I believe that Ibsen was concerned with the state of the human soul as a whole. This “concern” that Ibsen has ultimately cuts across class and gender lines. Ibsen’s wife Suzannah Thoresen Ibsen and her stepmother Magdalene Thoresen were perhaps the catalyst for Ibsen’s conception of strong-willed female characters. These female characters include Svanhild of Love’s Comedy (1862) and perhaps more importantly Nora of A Doll’s House. Magdalene was a writer of novels and dramas and probably the first “New Woman” he had ever met. 2
Perhaps even more important in affecting Ibsen’s attitude toward women was Camilla Collett. Collett is regarded as Norway’s first and most significant feminist. Her novel The District Governors Daughter (1854) attacked the marriage institution because of its neglect of women’s feelings During the 1870’s Ibsen had impassioned conversations with Collett about issues such as marriage and women’s role in society. His great esteem for her is evident in a letter that Ibsen wrote to Collett for her seventieth birthday in 1883 in which he predicts that the future will benefit from her “intellectual pioneer work”.
Later in the letter Ibsen writes of Collett’s long-standing influence on his writings. 3 There are 52 references to doors opening and closing within Ibsen’s play. In closing the door on her husband and children, Nora opened the door to the women’s movement. Gina Krog, a leading Norwegian feminist in the 1880’s and editor of the feminist journal Nyloende, called A Doll’s House and its potential repercussions on how women would be treated a miracle. Amalie Skram was Norway’s foremost naturalist writer and first Norwegian to write about female sexuality openly.
Skram praised the play dramatically and psychologically and she saw that upon seeing the play women would wake up to the injustices committed against them. These feminist beliefs were not restricted to the women of the time. M. J. Faerden, a pastor, preached to his congregation in 1884; “Just as Nora appears in the final scene free and unfettered by any bond, divine or human, without commitment or obligation to the man whom she has given her promise or to the children she has brought into this world- likewise we will find the modern marriage, from beginning to end.
“4 With the above statements from a broad range of Norway’s intellectuals I have come to the conclusion that although Ibsen may have not intended his play and Nora Helmer to become an iconic symbol for feminist’s policies directly it most certainly did have a positive effect on the feminist movement. But were these ideas ahead of their time? It is clear that other people of the time had these beliefs, but these were in great minority to those who did not.
I have come to the deduction that it is a fact that A Doll’s House propelled the feminist beliefs to a wider audience, Ibsen’s audience.

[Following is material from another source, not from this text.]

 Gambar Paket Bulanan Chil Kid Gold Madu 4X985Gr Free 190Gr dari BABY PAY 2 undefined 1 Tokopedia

It is also of interest that many of the audience of A Doll’s House would have been unaware that they were listening, and more importantly learning, about female oppression through a forth wall perspective. This perspective would have allowed them to analyse their marriage to their partners themselves that could have contributed to the revolution that was to follow. Nora is Ibsen’s most famous emancipated female character.
It is extremely fitting that Nora achieves self-realization occurs by turning her back on her husband and children. Upon first reading the play I thought that the ending was far too dramatic and Nora was portrayed as being cruel to leave the children. Upon closer observation of the play and its setting becoming a parent is traditionally the sign of accomplishing adulthood, as the title suggests marriage and motherhood for Nora has been a kind of Doll like existence. Nora has played with her children just as Torvald and Nora’s “papa” before him, played with her (v, 280-281).